"He wuz er talkin' erbout some men, sah. You ain't got no cullud ladies ober at yo' house now, is you?"

"No, an' I don't want any mo' for none could take the place of old mammy."

"No, sah, I reckons not, but I wuz jest er thinkin' dat ef you had any dar I would drap ober a visitin'. I's allus sorter s'ciety struck atter I goes ter er funul. It's den dat I kin fetch 'em wid my talk. It's easy ter out-talk er lady atter er funul. I's had 'em take down er ole glove an' empty dar money in my han'."

"What's your name?"

"Da calls me Ham, suh."

"Well, Ham, I reckon thar's a good deal of the scoundrel about you."

"Ain't it funny suh, dat I's yered dat befo'? Yas, suh; but scounnul or not, I'll keep er sharp lookout on dat man Peters an' come an' tell you ef suthin' happen."

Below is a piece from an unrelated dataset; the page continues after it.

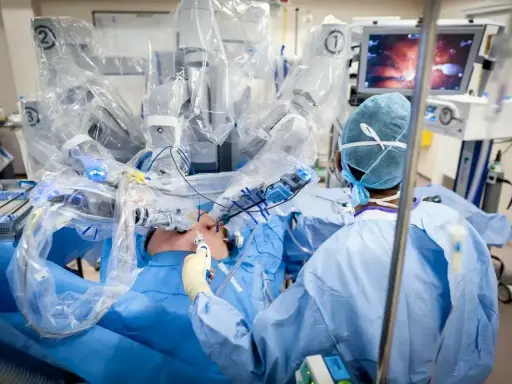 Chirurg steruje robotem podczas operacji prostaty. Czas pobytu w szpitalu po operacji prostaty zależy od wielu czynników.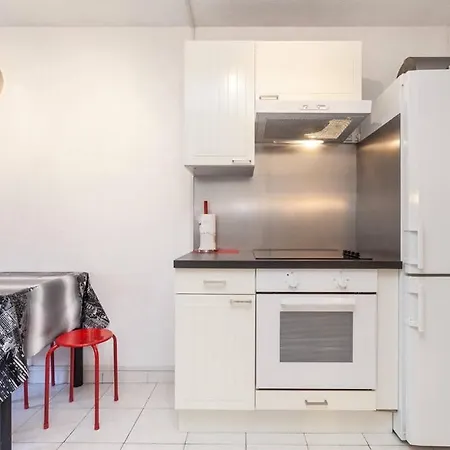 Bel Avec Terrasse Apartment *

Lou was tearful and depressed over the death of the old woman, whom she had loved, who indeed was as a gentle grandmother to her, and going home from the burial had but little to say; and Tom, respecting what to him was a strange grief, walked along in silence. And for the most part Jim was silent, too, but Mrs. Mayfield was aroused by what she had seen and heard. "Every day this rugged world up here presents something new, Mr. Reverend. Instead of becoming more able to compare it with other places I have known, it is further and further removed as time passes. Of course I had read books and heard songs, but never before coming here did I believe that in real slavery had there existed poetry."

"They tell me, ma'm, that the greatest poetry has come out of the dark," he replied, walking with his eyes cast down.

"Then even as a Southerner you don't believe that slavery was right."